» **EXERCISE REQUIREMENTS**: Repeat exactly, and only, the lines from the one holding "Porsche Cayenne III, 2018" through the last line of the records below.

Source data

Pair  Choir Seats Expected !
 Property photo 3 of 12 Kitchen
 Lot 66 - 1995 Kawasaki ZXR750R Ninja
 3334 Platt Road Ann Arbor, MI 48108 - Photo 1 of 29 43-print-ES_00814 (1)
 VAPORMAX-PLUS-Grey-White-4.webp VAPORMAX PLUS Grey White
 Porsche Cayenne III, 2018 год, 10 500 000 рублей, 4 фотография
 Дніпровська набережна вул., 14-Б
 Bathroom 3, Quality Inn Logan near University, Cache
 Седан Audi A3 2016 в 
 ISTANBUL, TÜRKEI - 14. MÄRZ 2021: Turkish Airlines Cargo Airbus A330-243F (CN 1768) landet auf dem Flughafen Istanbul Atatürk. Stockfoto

» **SOLUTION**:
 Porsche Cayenne III, 2018 год, 10 500 000 рублей, 4 фотография
 Дніпровська набережна вул., 14-Б
 Bathroom 3, Quality Inn Logan near University, Cache
 Седан Audi A3 2016 в 
 ISTANBUL, TÜRKEI - 14. MÄRZ 2021: Turkish Airlines Cargo Airbus A330-243F (CN 1768) landet auf dem Flughafen Istanbul Atatürk. Stockfoto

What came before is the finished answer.